Ao assumir no ano passado a presidência do Supremo, Rosa Weber se comprometeu com líderes indígenas a pôr novamente o marco temporal em pauta. No entanto, o processo não consta na relação de processos a serem julgados pela corte até o mês de julho - divulgado recentemente. Procurado, o Supremo afirma que "a pauta do semestre é dinâmica e vai sendo alterada ao longo dos meses".
"Além disso, há várias datas sem pauta justamente para inclusão de novos temas. A presidente do STF, ministra Rosa Weber, informou que levará a julgamento o processo do marco temporal ainda em sua gestão, que termina em outubro de 2023", afirma a corte em nota.
"O tema, portanto, ainda pode ser julgado neste semestre ou nos primeiros meses do próximo." A falta de conclusão no julgamento do STF sobre o caso é usada em diversos casos pelo país para contestar as áreas ocupadas por comunidades, o que aumenta a tensão e a possibilidade de conflitos.
A Terra Indígena Kayabi, por exemplo, teve sua primeira demarcação concluída em 1982 e, depois, em 2013, uma nova portaria ampliou sua extensão. O Estado do Mato Grosso contesta a segunda portaria afirmando, justamente, que, "em 1988, já não havia mais índios [no local] há longo tempo".
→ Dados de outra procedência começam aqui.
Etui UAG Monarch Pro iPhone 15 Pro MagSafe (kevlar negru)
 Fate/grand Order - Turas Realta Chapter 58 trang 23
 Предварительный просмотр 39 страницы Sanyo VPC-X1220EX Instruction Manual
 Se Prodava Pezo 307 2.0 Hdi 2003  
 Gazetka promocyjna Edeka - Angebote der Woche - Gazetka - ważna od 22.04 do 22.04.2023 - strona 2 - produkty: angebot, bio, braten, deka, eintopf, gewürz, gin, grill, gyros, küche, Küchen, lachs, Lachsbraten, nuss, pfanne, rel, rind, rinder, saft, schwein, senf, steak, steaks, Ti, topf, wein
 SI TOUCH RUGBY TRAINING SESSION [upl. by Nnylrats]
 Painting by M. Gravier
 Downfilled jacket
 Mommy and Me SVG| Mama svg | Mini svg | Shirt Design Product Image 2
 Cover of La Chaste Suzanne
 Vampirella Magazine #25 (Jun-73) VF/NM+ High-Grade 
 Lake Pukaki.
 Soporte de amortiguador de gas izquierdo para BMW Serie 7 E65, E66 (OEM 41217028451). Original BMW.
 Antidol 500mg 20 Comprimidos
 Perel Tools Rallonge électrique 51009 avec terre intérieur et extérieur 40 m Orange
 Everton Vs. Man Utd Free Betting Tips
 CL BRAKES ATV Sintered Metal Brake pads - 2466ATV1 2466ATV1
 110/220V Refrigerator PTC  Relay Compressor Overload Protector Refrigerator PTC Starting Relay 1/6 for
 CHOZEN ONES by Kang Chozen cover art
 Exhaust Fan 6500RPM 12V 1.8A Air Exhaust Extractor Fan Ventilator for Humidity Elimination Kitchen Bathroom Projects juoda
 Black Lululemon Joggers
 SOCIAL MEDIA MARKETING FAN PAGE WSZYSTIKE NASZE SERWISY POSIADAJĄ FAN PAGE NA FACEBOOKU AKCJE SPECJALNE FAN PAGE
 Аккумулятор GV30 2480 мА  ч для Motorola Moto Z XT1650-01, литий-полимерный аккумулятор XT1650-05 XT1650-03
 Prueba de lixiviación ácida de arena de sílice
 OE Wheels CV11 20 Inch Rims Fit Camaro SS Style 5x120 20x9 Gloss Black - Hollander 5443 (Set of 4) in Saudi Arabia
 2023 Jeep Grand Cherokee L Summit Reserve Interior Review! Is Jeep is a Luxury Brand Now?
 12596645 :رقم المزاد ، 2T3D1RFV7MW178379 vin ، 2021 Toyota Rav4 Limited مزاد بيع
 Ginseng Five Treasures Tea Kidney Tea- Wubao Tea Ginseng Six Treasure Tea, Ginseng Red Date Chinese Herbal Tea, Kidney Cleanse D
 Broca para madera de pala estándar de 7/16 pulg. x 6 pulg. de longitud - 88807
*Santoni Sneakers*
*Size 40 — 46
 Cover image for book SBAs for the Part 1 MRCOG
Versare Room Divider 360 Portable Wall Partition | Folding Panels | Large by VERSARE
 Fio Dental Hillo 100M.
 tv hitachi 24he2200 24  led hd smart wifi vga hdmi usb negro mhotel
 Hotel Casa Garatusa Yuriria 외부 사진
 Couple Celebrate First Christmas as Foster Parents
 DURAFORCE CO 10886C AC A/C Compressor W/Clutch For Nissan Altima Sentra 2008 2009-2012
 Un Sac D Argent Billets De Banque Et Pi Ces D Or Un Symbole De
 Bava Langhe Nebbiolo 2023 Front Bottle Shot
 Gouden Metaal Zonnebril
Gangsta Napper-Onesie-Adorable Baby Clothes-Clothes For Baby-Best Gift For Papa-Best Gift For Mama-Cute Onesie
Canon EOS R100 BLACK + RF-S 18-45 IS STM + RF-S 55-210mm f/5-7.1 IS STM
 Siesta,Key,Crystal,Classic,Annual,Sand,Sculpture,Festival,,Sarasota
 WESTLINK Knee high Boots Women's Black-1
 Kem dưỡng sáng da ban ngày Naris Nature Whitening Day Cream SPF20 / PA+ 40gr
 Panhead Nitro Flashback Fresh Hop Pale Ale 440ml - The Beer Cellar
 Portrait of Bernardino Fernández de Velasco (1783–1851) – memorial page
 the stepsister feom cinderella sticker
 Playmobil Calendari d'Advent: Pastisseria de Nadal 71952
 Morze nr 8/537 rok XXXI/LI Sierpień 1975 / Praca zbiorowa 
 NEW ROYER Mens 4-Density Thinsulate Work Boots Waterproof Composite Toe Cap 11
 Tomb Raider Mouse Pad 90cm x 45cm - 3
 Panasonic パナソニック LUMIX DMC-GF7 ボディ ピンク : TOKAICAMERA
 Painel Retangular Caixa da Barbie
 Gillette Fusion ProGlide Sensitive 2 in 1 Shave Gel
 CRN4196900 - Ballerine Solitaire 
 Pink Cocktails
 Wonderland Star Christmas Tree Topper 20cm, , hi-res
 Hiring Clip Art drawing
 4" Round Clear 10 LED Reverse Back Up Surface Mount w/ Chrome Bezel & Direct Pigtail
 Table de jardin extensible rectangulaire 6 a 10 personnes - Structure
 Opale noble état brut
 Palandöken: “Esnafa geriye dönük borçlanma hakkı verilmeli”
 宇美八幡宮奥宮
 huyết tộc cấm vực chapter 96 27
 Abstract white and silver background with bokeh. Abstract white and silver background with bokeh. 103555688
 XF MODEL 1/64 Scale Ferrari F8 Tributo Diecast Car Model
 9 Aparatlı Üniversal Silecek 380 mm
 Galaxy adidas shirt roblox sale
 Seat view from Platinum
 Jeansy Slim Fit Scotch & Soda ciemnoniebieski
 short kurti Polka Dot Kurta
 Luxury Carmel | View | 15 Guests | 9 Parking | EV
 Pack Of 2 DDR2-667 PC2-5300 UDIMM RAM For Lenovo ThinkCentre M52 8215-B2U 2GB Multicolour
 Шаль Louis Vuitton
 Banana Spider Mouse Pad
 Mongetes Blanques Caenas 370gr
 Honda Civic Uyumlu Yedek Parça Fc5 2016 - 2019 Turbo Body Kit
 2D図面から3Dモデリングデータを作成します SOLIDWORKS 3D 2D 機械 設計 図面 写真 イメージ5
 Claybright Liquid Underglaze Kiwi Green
"Para conseguirmos ter um panorama das consequências dessa demora no julgamento, vou citar o caso dos Pataxós do sul da Bahia. Existe ali uma milícia armada dos fazendeiros que conseguiram cooptar agentes da segurança pública e estão promovendo uma série de violações aos direitos humanos e à vida", afirma Maurício Terena, advogado da Apib (Articulação dos Povos Indígenas do Brasil).
Como o marco temporal é usado como base argumentativa em ações de reintegração de posse contra indígenas, por exemplo, quanto mais tempo demora para ser julgado, outras ações que correm até mesmo em varas menores ficam pendentes de resolução ou abrem brecha para decisões desfavoráveis aos povos.
Além disso, argumenta Terena, a falta de conclusão da análise cria nos invasores dos territórios a expectativa de que o desfecho seja favorável a eles e, assim, os incentiva a já ocupar ilegalmente as áreas mesmo antes da decisão.
"São casos que precisam ser julgados, [já que] a demora gera mais invasões dessas terras. Se as pessoas tiveram coragem de invadir o STF, imagina uma terra indígena com pessoas vulneráveis", diz Juliana de Paula, advogada do ISA (Instituto Socioambiental).
Enquanto isso, alguns tribunais têm aberto processo de conciliação em casos de disputa de terra, mecanismo com efeito semelhante na dinâmica dos conflitos. (Folhapress/José Marques e João Gabriel)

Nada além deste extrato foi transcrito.